I’m the author of a book about Bertha Pappenheim and have a blog in which I discuss a number of issues which I had to address while writing the book. Some of those issues are related to questions raised in the above post and the ensuing discussion. I’d be very interested to know your responses to those questions, Terry, and anyone else who would like to chip in. I’ve had excellent professional reviews of the book, including one from medical historian Professor Edward Shorter, but not much feedback as yet from anyone who can focus on the neurological aspects. The blog starts here http://www.hildareilly.com/writing-blog/archives/03-2012
I enjoyed your book Guises of Desire. I found it helpful to have a novelist’s interpretation of Bertha Pappenheim’s experience during the course of her treatment by Josef Breuer. Your blog considers many of the unsolved issues about Pappenheim’s illness, as well as the more general issues surrounding historical novels. I particularly enjoyed your point that the historical evidence in this particular case – the case histories of Breuer and Freud – is most certainly as much interpretation as fact. I think John Irving once proposed that Freud should be considered as a novelist rather than as a scientist. Your book presents a vivid and seemingly accurate interpretation of Pappenheim’s life in Vienna at the time of her father’s final illness and Breuer’s treatment of her hysterical symptoms, and ends when Breuer ceases to be Pappenheim’s physician. The epilogue describes Pappenheim’s later career as an author and social worker. What is fascinating to me is what happened in between. Here there is no evidence for even a novelist to interpret. During this time, Pappenheim was somehow cured of her addiction to morphine and relieved of her multiple symptoms. My intuition is that these changes were largely her own doing. My thinking stems from her later character – she could do many things if she put her mind to it – and the general inability of physicians at that time to cope with psychological problems. I think she cured herself.
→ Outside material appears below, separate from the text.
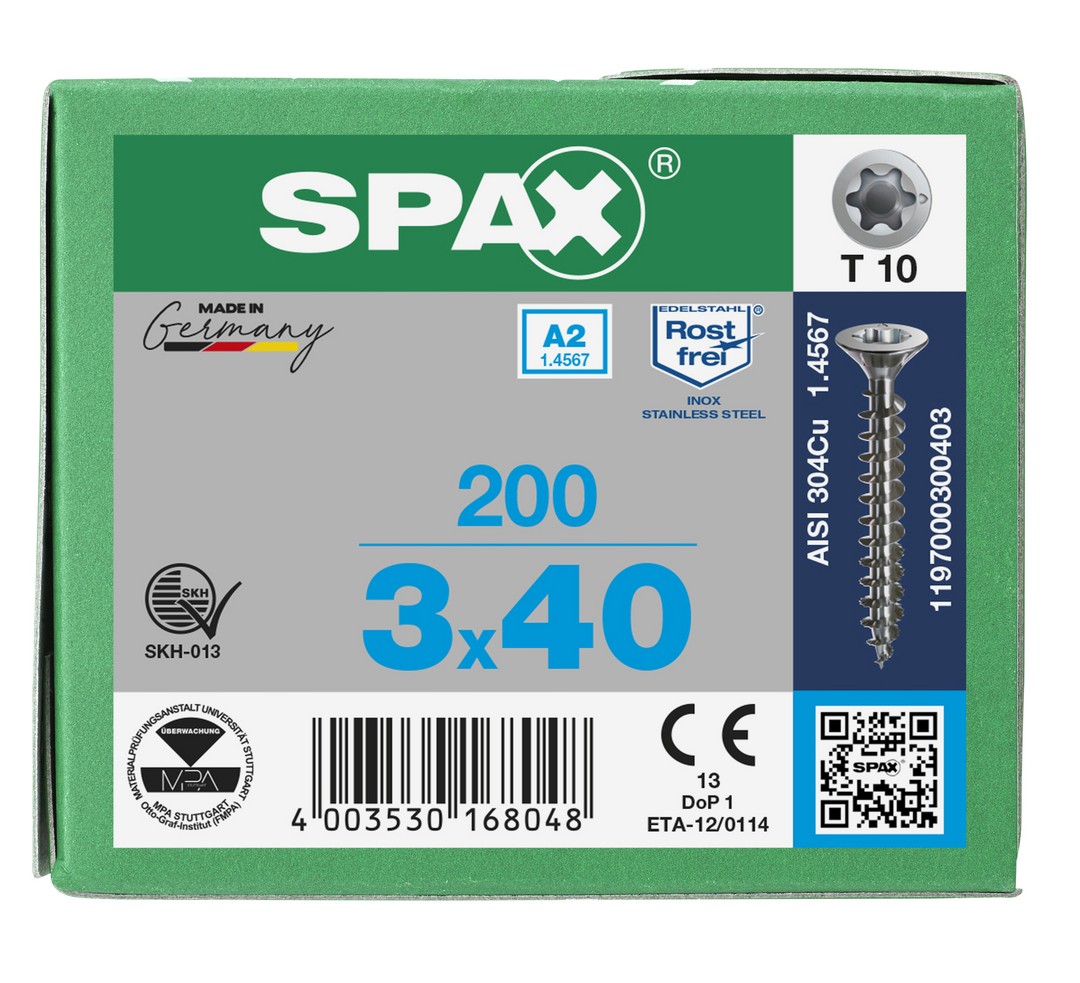 SPAX Tornillo de acero inoxidable, 3 x 40 mm, 200 unidades, Rosca completa, Cabeza plana, T-STAR plus T10, Punta S, Acero inoxidable A2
Hi I would like a copy of the play she wrote can you help me with it
The play Frauenrecht: Schauspiel in drei Aufzügen appears to be available on Amazon or on ABE books. Another play was: Pappenheim, B. (1913) Tragische Momente. Drei Lebensbilder. J. Kauffmann, Frankfurt a. Main. Unfortunately I have no idea how to find a copy of this one. Perhaps in some German library?